I think I plan to kill several (as many as 3) birds with one stone in regards to split lock warnings.
When calling from immobile code to immobile code through an immobile fdefn, we can emit it as "call [rip+n]" where rip+n is an fdefn-raw-addr slot.
This call format removes the address range restriction, as long as the immobile code space and immobile fdefns are within +/- 2Gb. So I'll separate immobile fixed objects into a space of fdefns and a space of symbols ensuring that fdefns remain near enough to pages of code.
This proposal basically re-introduces the level of indirection conferred by fdefns, while still not requiring a load of RAX. This would also eliminate the so-called "static linking" which may not have done much anyway. In fact I would guess that if there is any slowdown, we can do some different optimization similar in spirit to the unboxed call convention. Such as we can avoid loading the arg-count-passing registers for known-fixed-arg receivers.
And of course then the split-lock problem goes away because we'll never overwrite an instruction to change an fdefn's function.
For elfinated core files, I'll perhaps still change the call instruction from "call [rip+n]" to call rel32 form, but that's a separate question. As it happens, some of our cloud machines in fact disallow writable code in '.text' segments, which is where lisp code goes after conversion to ELF.
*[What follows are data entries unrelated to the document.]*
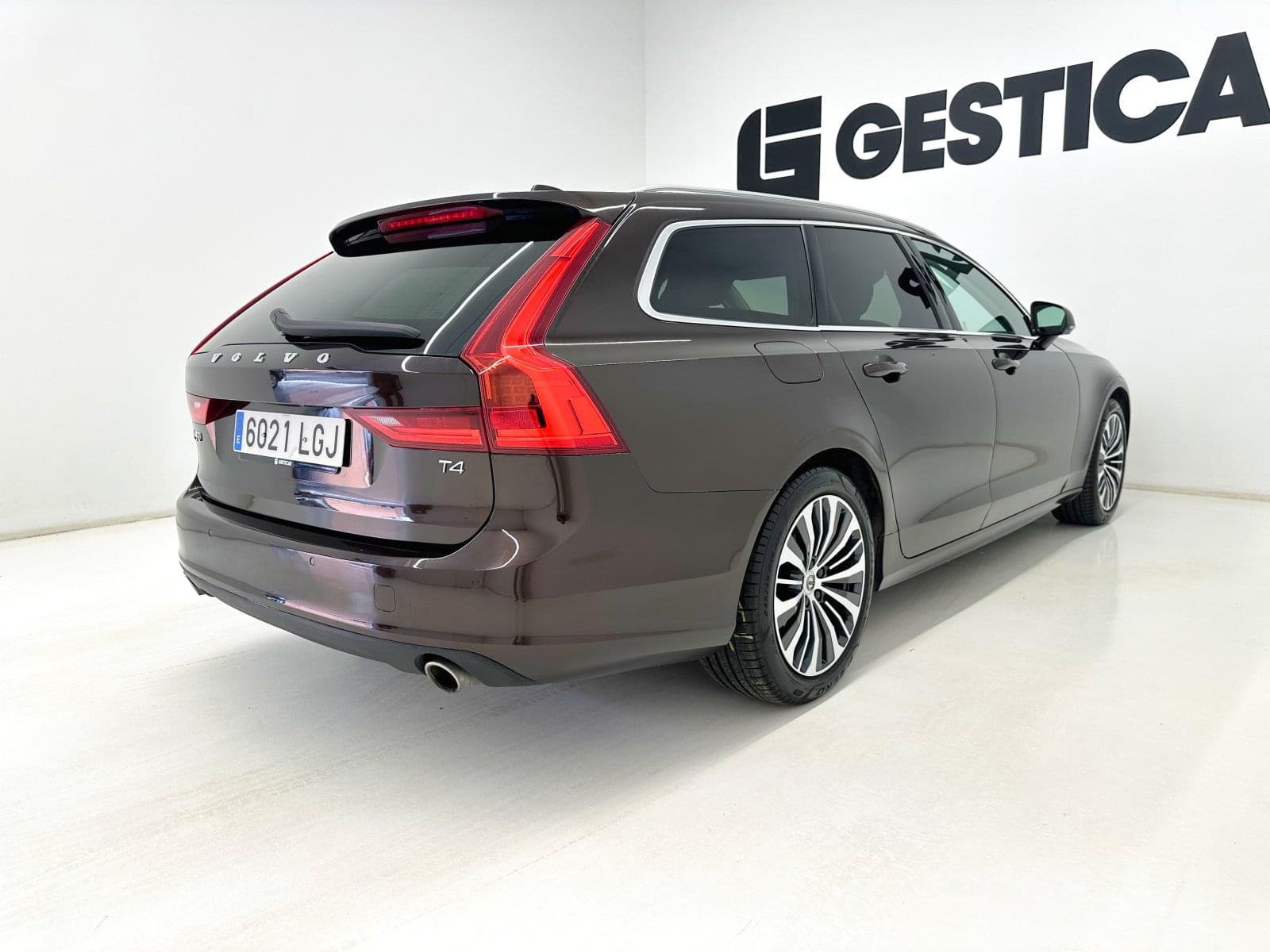 VOLVO V90 2.0 T4 Business Plus Auto 190cv 8 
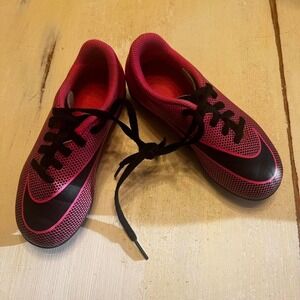 Pink Nike Children's Cleats Size‎ 11C
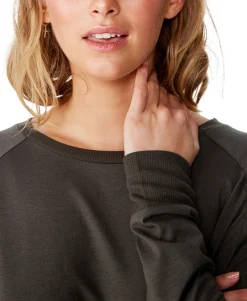 Women's Active Rib Long Sleeve Top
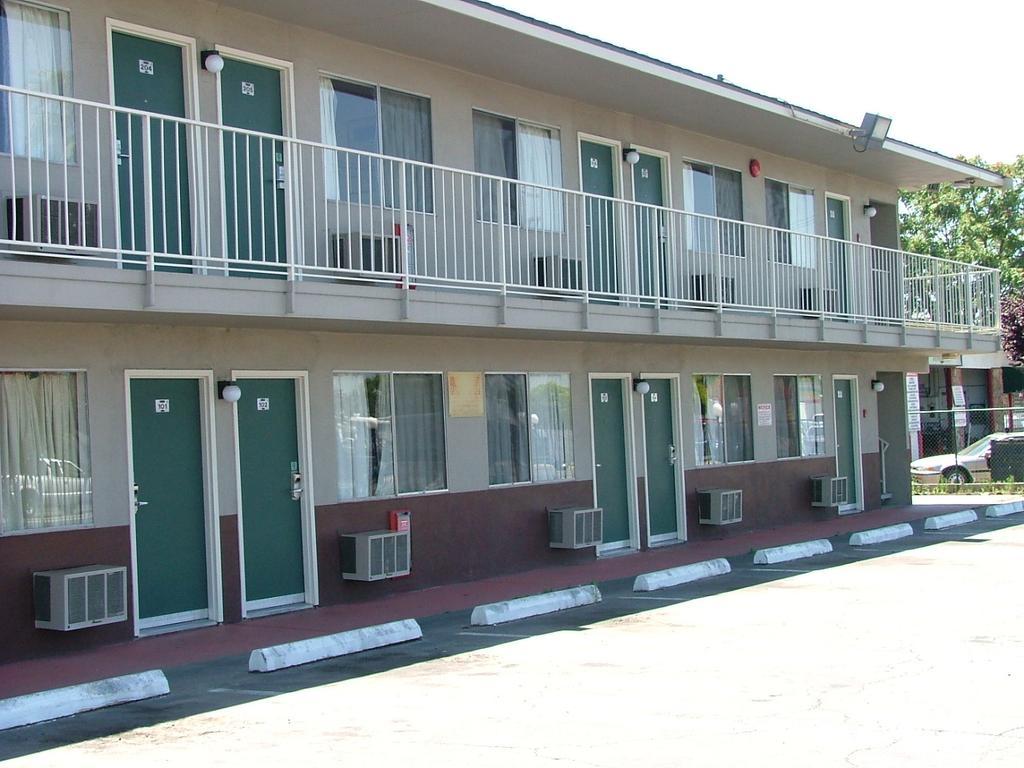 American Budget Inn And Suites-Modesto Buitenkant foto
Also as a totally unrelated issue, but drawing on a similar principle, it may be possible to relax the requirement for immobile symbols to be mapped sub-4Gb because they could be computed with "LEA Rn, [rip+n]". But this tends to cost 1 extra instruction. Symbols really want to be imm32 operands, which would require that the in-register representation of a symbol be its displacement from the base of a hypothetical "symbol space". This is equivalent to a JVM's compressed pointer representation. We can do the same thing with compact-instance-header layouts being 32-bit pointers but allowing the layouts to be anywhere. It adds one instruction to lots of things that use layouts (to compute an actual address whence to load the inherited layouts) but it doesn't add any instruction for comparison of layouts for EQness.